Looking ahead, Harvey noted that affordability pressures could ease gradually.
“Providing the economy recovers steadily, as we expect, the underlying pace of housing market activity is likely to continue to strengthen gradually as affordability constraints ease through a combination of modestly lower interest rates and earnings outpacing house price growth,” he said.
Nationwide’s report also examined how affordability differs by occupation and region. Workers in managerial and professional roles face the lowest mortgage payment burdens relative to income, while those in elementary occupations — such as cleaners, labourers, and couriers — see mortgage payments consume over 50% of take-home pay.
Regional disparities remain significant. London saw the most substantial improvement in affordability in 2024, owing to relatively weak house price growth, but it remains the least affordable region with an HPER of 8.0. By contrast, Scotland remains the most affordable region with an HPER of 3.0.
“Affordability pressures continue to be more pronounced in the South of England and East Anglia, while in the northern regions of England and Scotland, mortgage payments as a share of take-home pay are much closer to their long-run average,” Harvey said.

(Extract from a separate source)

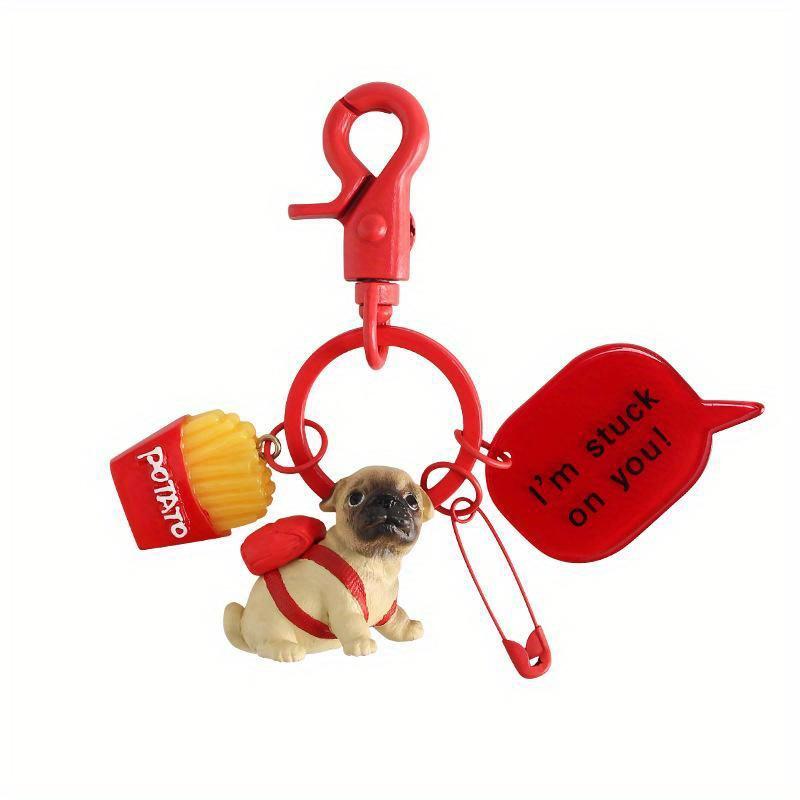 Štěně Řetízek Klíčenka na auto Dámský Pryskyřice Párový Kroužek na klíče Přívěsky na školní tašku Doplňky k peněžence Popruh na kabelku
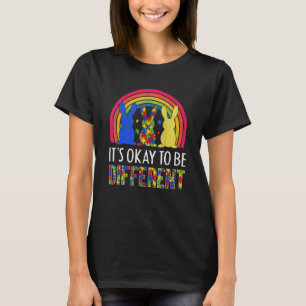 It's Okay To Be Different Autism Easter Bunny Puzz T-Shirt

At the local authority level, affordability varies widely. Kensington and Chelsea remains the least affordable area in Britain, with an HPER of 13.6, while Aberdeen is the most affordable, with an HPER of just 2.5.
Other affordability hotspots include Chichester in the South East (HPER of 8.5), Bath and North East Somerset in the South West, and Cambridge in East Anglia. In Wales and Scotland, Cardiff and Edinburgh are the least affordable cities, with HPERs of 5.6 and 5.4, respectively.
Burnley, Hartlepool, and North East Lincolnshire are among the most affordable areas, with HPERs below 3.0. Swindon emerged as the most affordable location in the South West, while Enfield, with an HPER of 6.2, was the most affordable London borough.